For some applications it is important to dynamically adjust service parameters to availability and performance fluctuations of the underlying resources. For instance, multimedia applications over qualitatively unreliable connections such as wireless links or best-service Internet, may transform data or alter its transmission according to the conditions of the network in order to deliver usable results. Many communication protocols, including TCP, include related mechanisms.
Changes of the resource conditions may occur without following a prescribed pattern or any other synchronous regularity. In particular, there may be a continuous sequence of small adaptive steps necessary during the runtime of a piece of code, whereas for what we call static adaptation transformations are typically rarer (often confined to compile time), discrete, and more substantial in each step.
Here the modification of a running application is primarily done by tuning parameters, reflecting changes in the present state of the execution environment (remaining battery lifetime, location and context of user, etc.).

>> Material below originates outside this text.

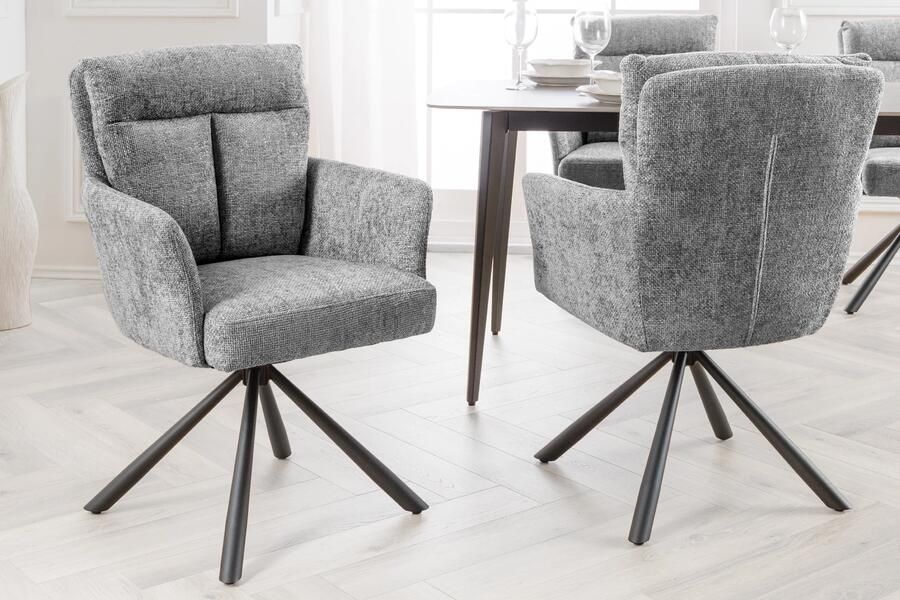 Invicta Interior Draaistoel BIG GEORGE grijze structuurstof met zwart metalen armleuning 44439 - Foto 3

The triggers for the continuous adaptation are continuously changing conditions of resources, but not discrete events as for dynamic adaptation. The property of being able to react to changes in the environment (almost) continuously is what we take notice of for our work.
For continuous adaptation the resources are monitored and the adaptation process is initiated as the resource conditions change. The input for continuous adaptation is a running application relying on frequently and strongly changing resources and classes of resource or Quality of Service (QoS-) parameters. The result of the continuous adaptation is typically the modification of parameters steering the resource usage, data processing or data presentation.
In [STW92] environment dependent parameters are managed by dynamic environment servers. Clients can subscribe at a server, if they are interested in the parameters managed by the server. If a parameter value changes the server notifies all clients which have subscribed to that parameter. The clients are also able to retrieve the current parameter value.
Further scenarios of continuous adaptation can be found in [Nob00,ADOB98] where a small personal digital assistant (PDA) serves as portable, electronic guide through museums or cities by delivering appropriately tailored multimedia information about touristic attractions. Web content transcoding also involves many related use cases. What is typical here is that it is not the application itself that undergoes structural change to alter its behavior (emit different content in these cases), but that parameter adjustment lead to the desired effect. Hence change primarily effects data, not procedural code.
Although we are looking at ways to change and rearrange code, there is common ground between continuous adaptation and dynamic adaptation in the requirement for the recognition of the present and local state of the environment (context awareness), because this is what determines the appropriate form and extent of adaptation. Since information retrieval from the environment is often based on user-related sensors (e.g. active badges) and not on the execution environment of code, we have to refine context awareness for our cause.